**WHAT THE EXERCISE ASKS**
Find the line in the data below that contains "Elisavet Nuevo Studios". Return that line and all the lines after it, unchanged.

**Records from a collection**
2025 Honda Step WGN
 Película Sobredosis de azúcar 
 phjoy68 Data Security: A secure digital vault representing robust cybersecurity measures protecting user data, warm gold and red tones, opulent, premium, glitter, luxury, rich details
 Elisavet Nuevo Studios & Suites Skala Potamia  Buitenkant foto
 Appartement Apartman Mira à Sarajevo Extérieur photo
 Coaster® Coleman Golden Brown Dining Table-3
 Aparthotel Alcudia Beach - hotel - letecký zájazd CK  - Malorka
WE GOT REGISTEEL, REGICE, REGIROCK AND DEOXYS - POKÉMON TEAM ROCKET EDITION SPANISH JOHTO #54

**OUTPUT OF THE TASK**
 Elisavet Nuevo Studios & Suites Skala Potamia  Buitenkant foto
 Appartement Apartman Mira à Sarajevo Extérieur photo
 Coaster® Coleman Golden Brown Dining Table-3
 Aparthotel Alcudia Beach - hotel - letecký zájazd CK  - Malorka
WE GOT REGISTEEL, REGICE, REGIROCK AND DEOXYS - POKÉMON TEAM ROCKET EDITION SPANISH JOHTO #54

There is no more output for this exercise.